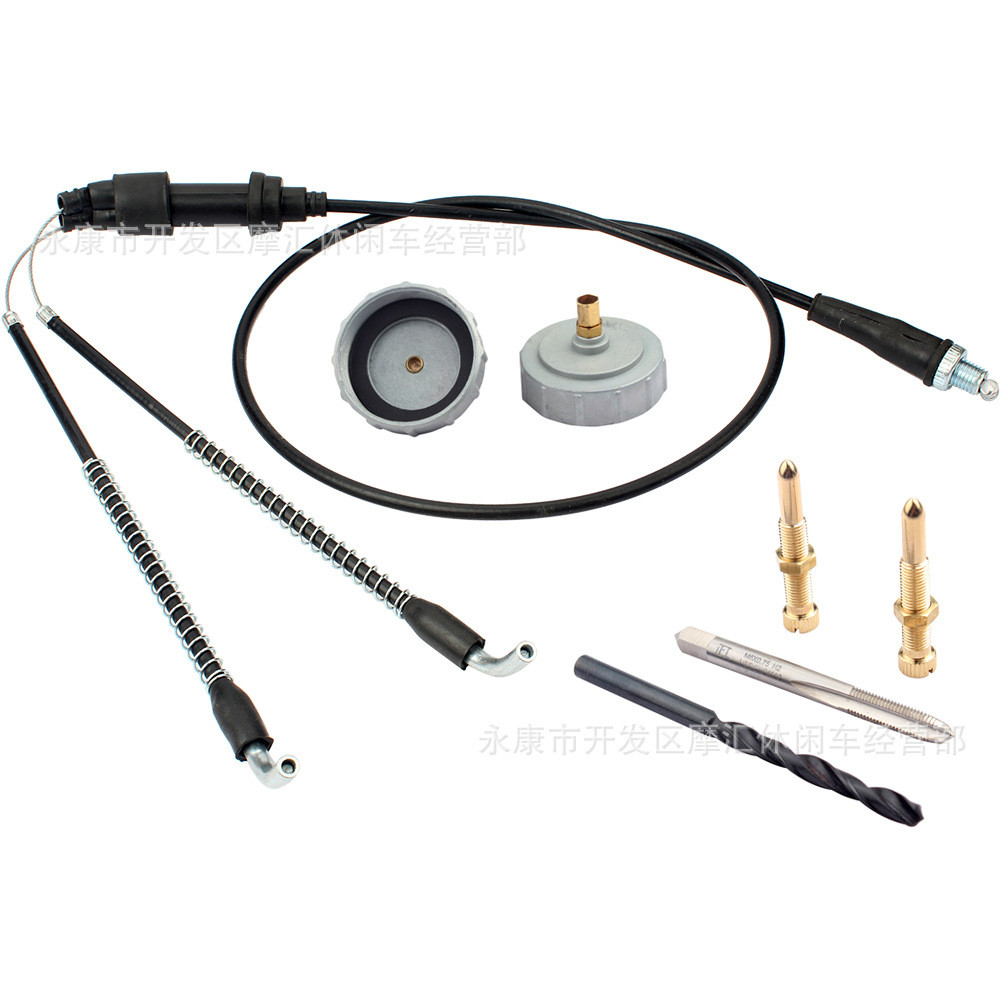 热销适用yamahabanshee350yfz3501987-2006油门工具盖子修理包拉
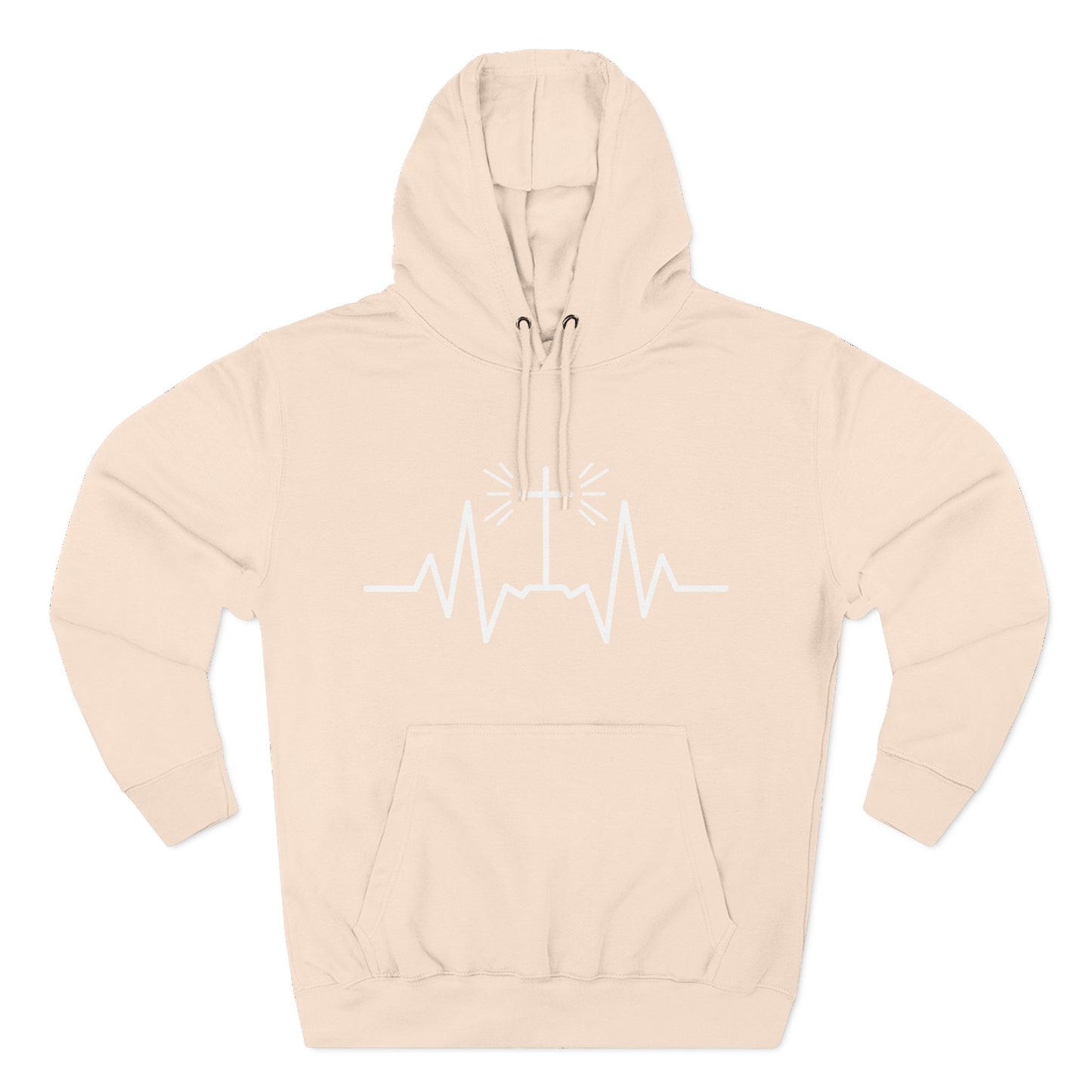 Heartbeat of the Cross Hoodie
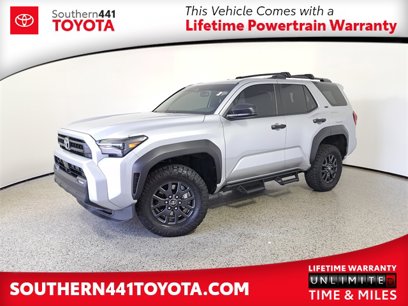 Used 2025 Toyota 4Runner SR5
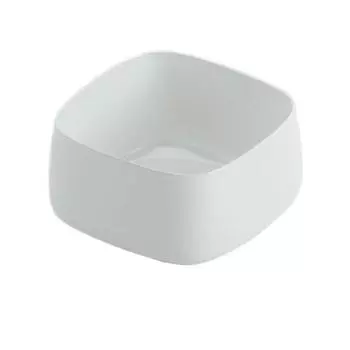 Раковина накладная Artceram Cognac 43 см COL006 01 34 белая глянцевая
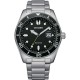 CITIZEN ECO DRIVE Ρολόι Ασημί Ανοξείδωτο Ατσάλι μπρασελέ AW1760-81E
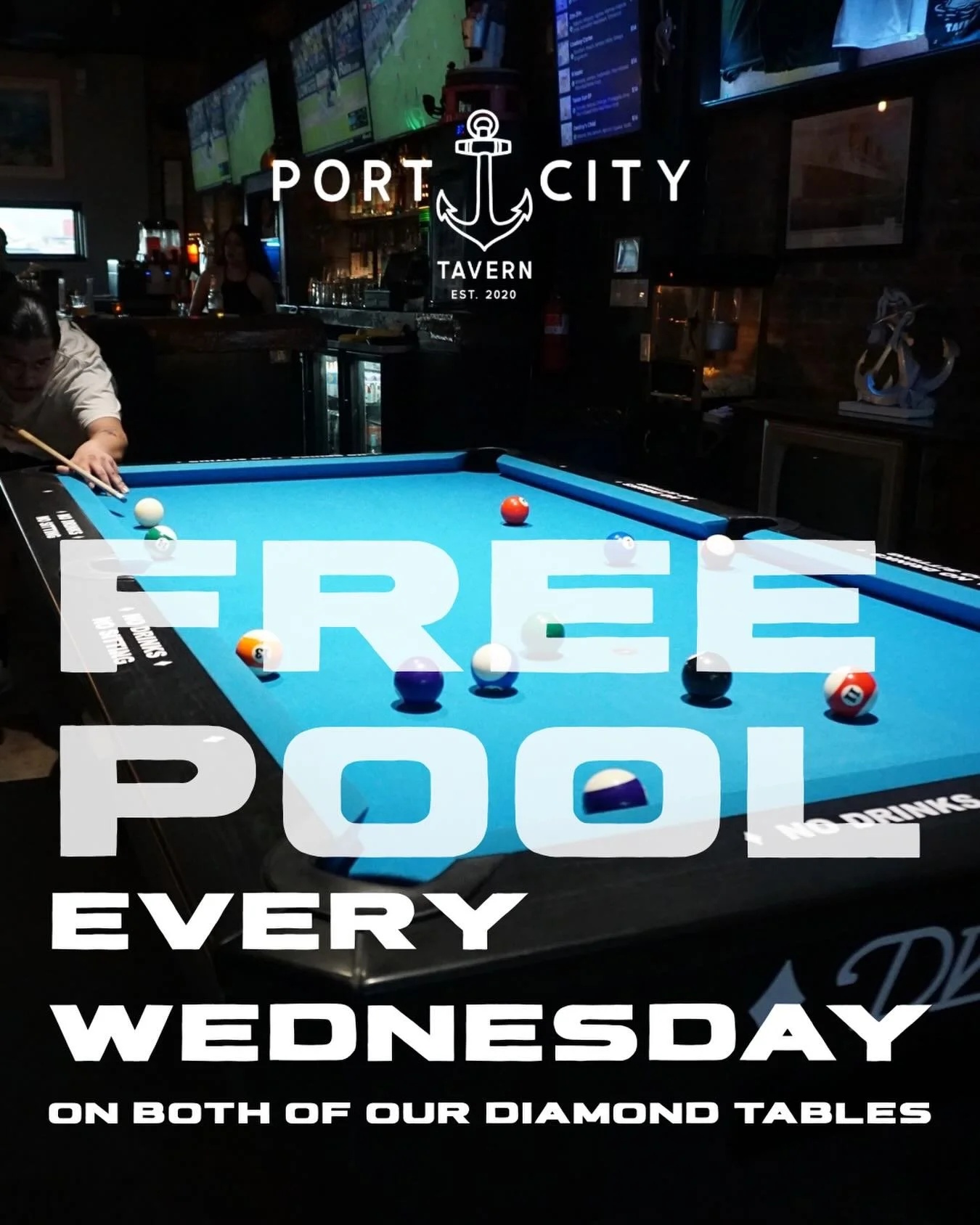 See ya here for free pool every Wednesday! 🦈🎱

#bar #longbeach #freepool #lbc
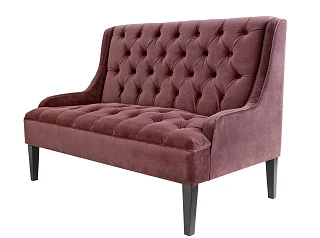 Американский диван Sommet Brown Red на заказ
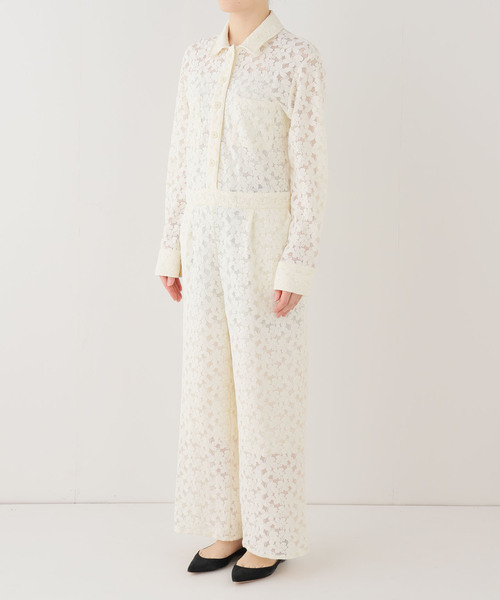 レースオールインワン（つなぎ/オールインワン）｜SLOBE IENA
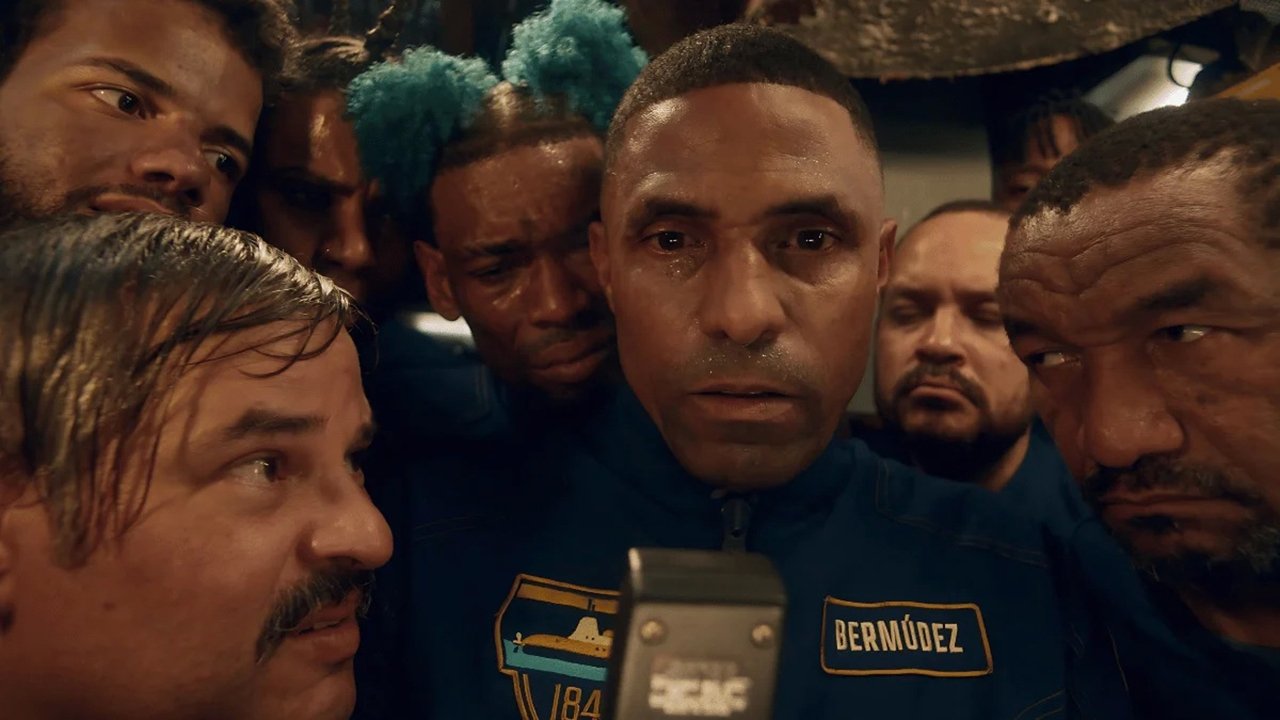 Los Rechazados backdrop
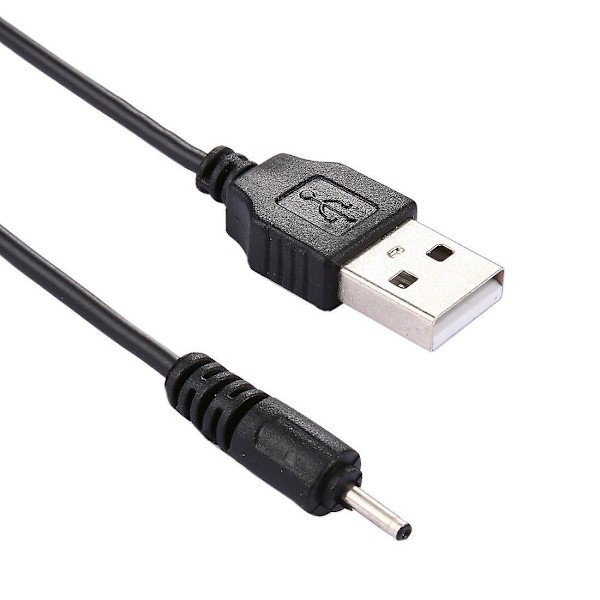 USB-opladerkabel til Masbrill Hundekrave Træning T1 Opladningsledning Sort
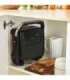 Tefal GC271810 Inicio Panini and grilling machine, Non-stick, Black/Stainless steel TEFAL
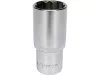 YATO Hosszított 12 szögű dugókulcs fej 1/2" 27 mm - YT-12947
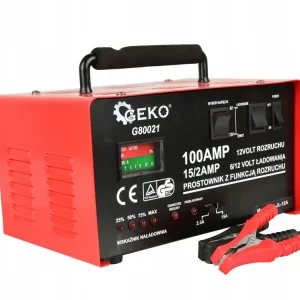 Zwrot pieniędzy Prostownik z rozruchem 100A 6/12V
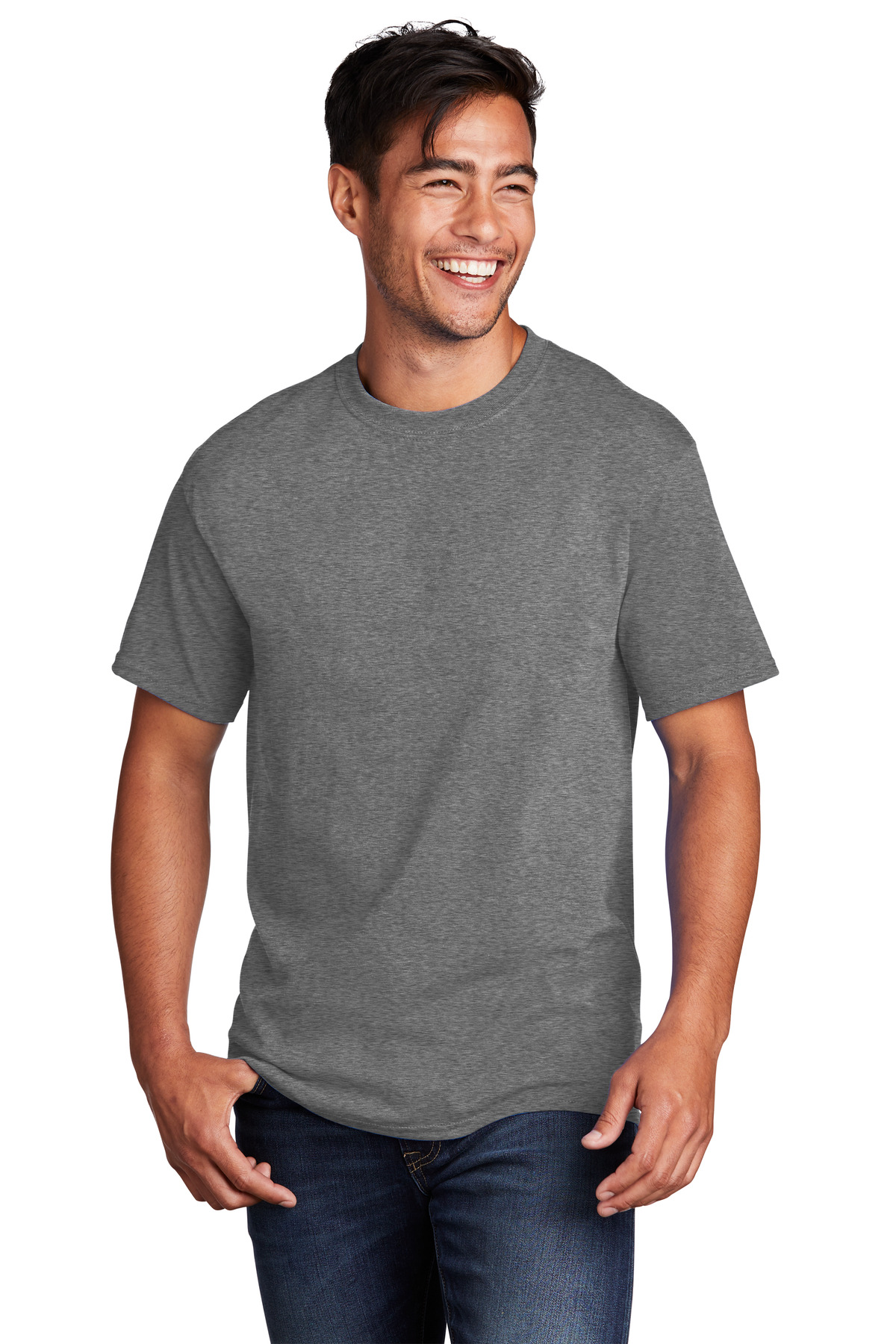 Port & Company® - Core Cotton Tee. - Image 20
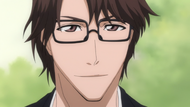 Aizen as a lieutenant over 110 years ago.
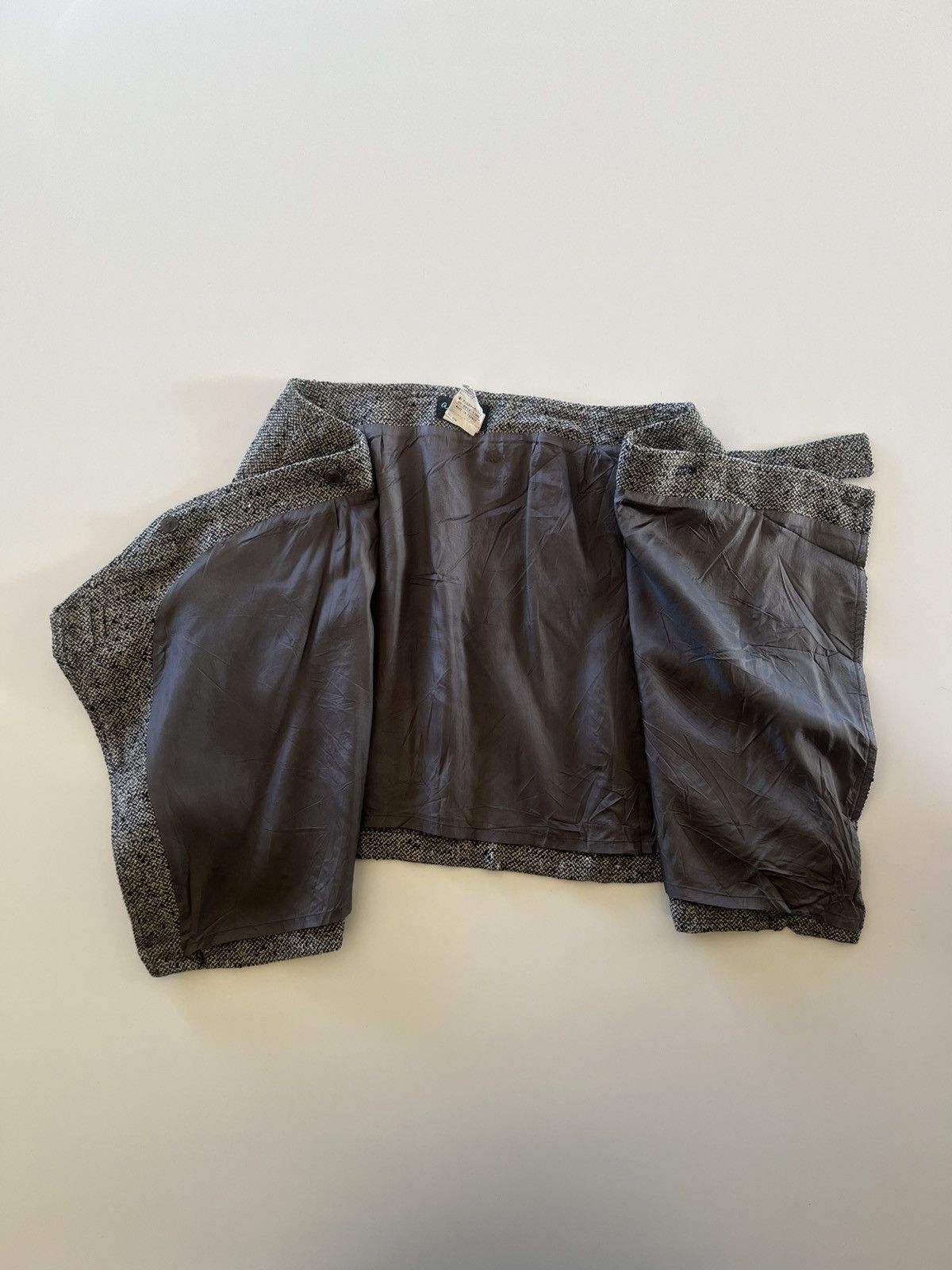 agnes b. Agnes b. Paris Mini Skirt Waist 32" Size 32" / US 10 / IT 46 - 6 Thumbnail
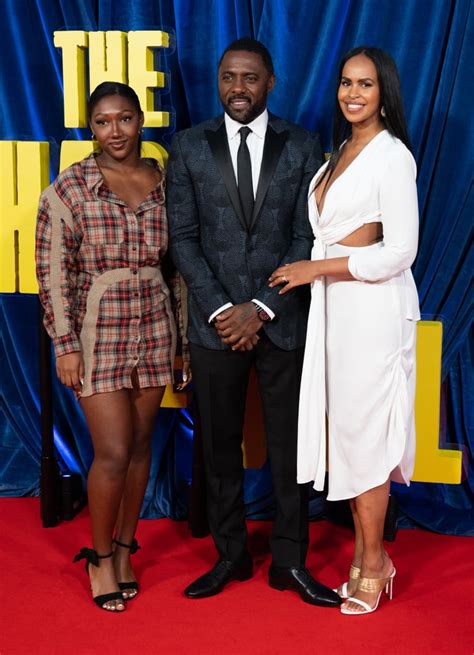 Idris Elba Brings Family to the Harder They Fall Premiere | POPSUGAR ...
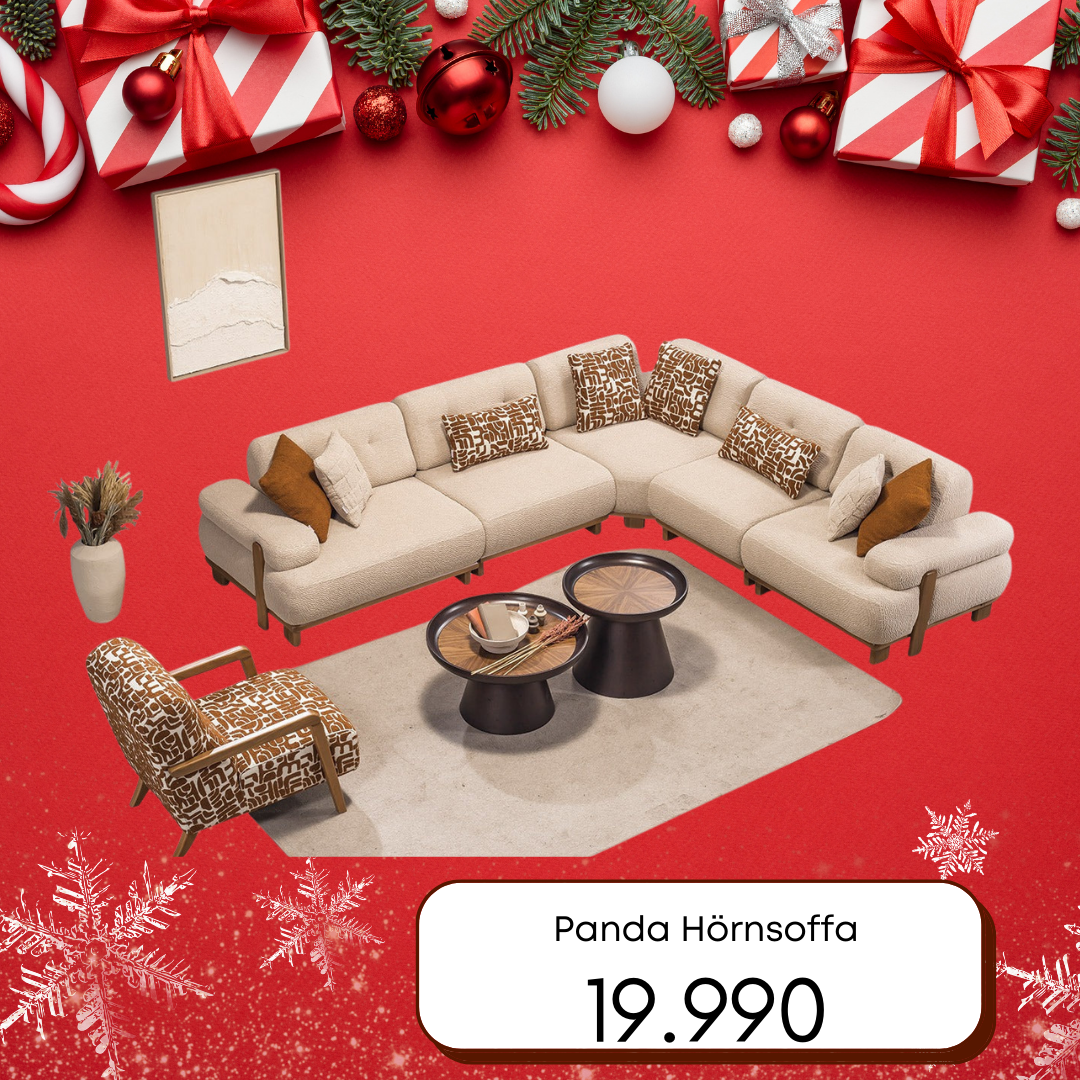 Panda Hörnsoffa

################

## What this task involves
Reproduce the listing word for word, but keep the pictures out of it.

## Reply to the task
 热销适用yamahabanshee350yfz3501987-2006油门工具盖子修理包拉
 Heartbeat of the Cross Hoodie
 Used 2025 Toyota 4Runner SR5
 Раковина накладная Artceram Cognac 43 см COL006 01 34 белая глянцевая
 CITIZEN ECO DRIVE Ρολόι Ασημί Ανοξείδωτο Ατσάλι μπρασελέ AW1760-81E
 See ya here for free pool every Wednesday! 🦈🎱

#bar #longbeach #freepool #lbc
 Американский диван Sommet Brown Red на заказ
 レースオールインワン（つなぎ/オールインワン）｜SLOBE IENA
 Los Rechazados backdrop
 USB-opladerkabel til Masbrill Hundekrave Træning T1 Opladningsledning Sort
 Tefal GC271810 Inicio Panini and grilling machine, Non-stick, Black/Stainless steel TEFAL
 YATO Hosszított 12 szögű dugókulcs fej 1/2" 27 mm - YT-12947
 Zwrot pieniędzy Prostownik z rozruchem 100A 6/12V
 Port & Company® - Core Cotton Tee. - Image 20
 Aizen as a lieutenant over 110 years ago.
 agnes b. Agnes b. Paris Mini Skirt Waist 32" Size 32" / US 10 / IT 46 - 6 Thumbnail
 Idris Elba Brings Family to the Harder They Fall Premiere | POPSUGAR ...
 Panda Hörnsoffa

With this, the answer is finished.